When Brooklyn Garcia was 7 years old, her parents began noticing changes – Brooklyn was losing weight, felt thirsty all the time (despite drinking liters of water), and was getting progressively weaker. “It was very scary” says her Mom, Kathryn. Medical investigations lead to a diagnosis of diabetes – news that was hard for the family to hear: “We knew nothing about what was needed or expected and it was really overwhelming.”

Fortunately, the Garcia family was referred to the Paediatric Diabetes Program at McMaster Children’s Hospital. 

“In the beginning we had no knowledge of how diabetes worked, so the hospital was very helpful in setting up Brooklyn’s ratios and teaching us about carbs etc. The care and info we received in the first year was very important in helping us manage it on our own.” says Kathryn. 

Today, Brooklyn sees a registered nurse and pediatric endocrinologist twice a year, and a dietitian and social worker once a year. At each appointment Brooklyn gets A1C bloodwork done (which shows an average of her blood sugars over the previous few months) and full bloodwork once a year. She uses an insulin pump and is able to change it herself.  Her parents say an insulin pump and continuous glucose monitoring (CGM) have made her diabetes much easier to manage.

When asked about tips for managing diabetes, the Garcia’s stress the importance of empowerment: “We have always included Brooklyn in every thought and decision, and we’ve made it so that one day, when she has to do this alone, she can”. 
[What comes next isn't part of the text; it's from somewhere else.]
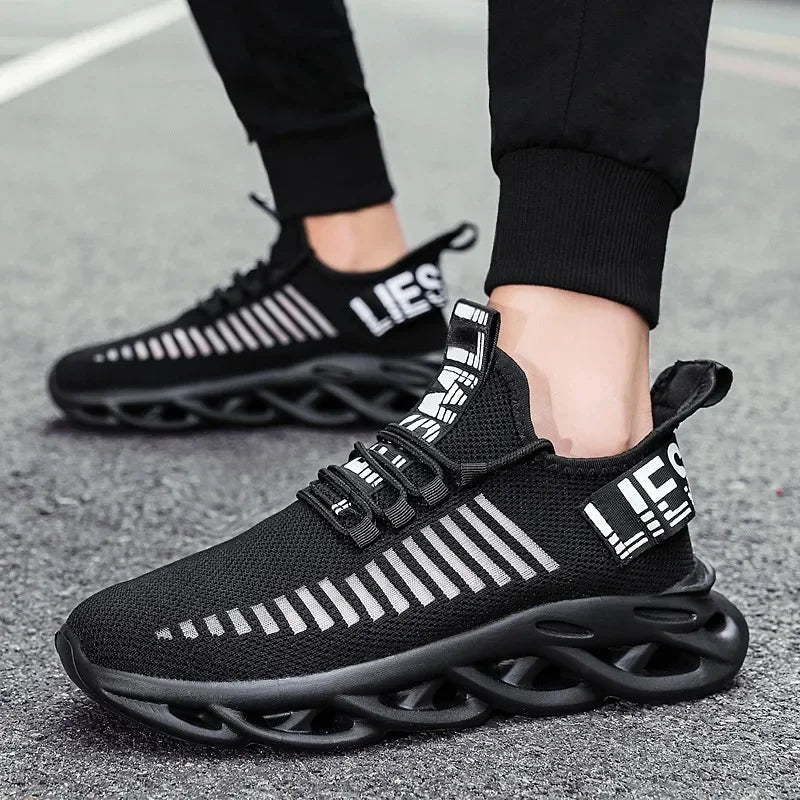 MAEDEF Men Shoes Comfortable Casual Sneakers Breathable Platform Running Shoes Man Mesh Tenis Sport Shoes Waling Tenis Masculino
When 9-year-old Michael Rogers said he couldn’t go to a fishing derby, his parents knew something was very wrong. He loved the annual fishing event, but severe stomach pain prevented him from going. His parents took him to Peterborough Regional Health Centre (PRHC) where he was diagnosed with diabetes. Michael had been experiencing other symptoms – he was unusually thirsty - but was attending a summer day camp and the family had attributed his symptoms to hot days spent playing outside.

Michael received care from the Paediatric Diabetes Education Centre at the Peterborough Regional Health Care Center. His mom, Kathy, describes the centre as “absolutely phenomenal” in terms of support and education.

Michael’s father also has type 1 diabetes, so the family was already familiar with diabetes, but they say the information from PRHC was still very valuable as they felt overwhelmed with Michael's diagnosis at the beginning.

Michaels mom also credits staff at Michael’s elementary school for helping them adjust to and manage his diabetes. “The receptionist, the vice principal, the teacher, the educational assistants, the nurse - they were all fantastic! They worked well together and contacted me whenever there was a concern. We had the benefit of a small school in a rural town – it was extraordinary in its support.  The teacher even worked on education with the kids in the class.”

Today, Michael is an active 18-year-old who uses an insulin pump and CGM to effectively manage his diabetes. He still loves fishing as well as snowmobiling, dirt-biking, and other outdoor adventure sports.

What advice would Michael’s Mom give to other parents which newly diagnosed children?

“You don’t have to change your whole world, you just have to make some adjustments to make it work. It’s important to prepare ahead of time and have supplies ALL the time. Your child can make decisions and they will make mistakes – it is their life… we are just supporting them… they need to learn and to take control of it.”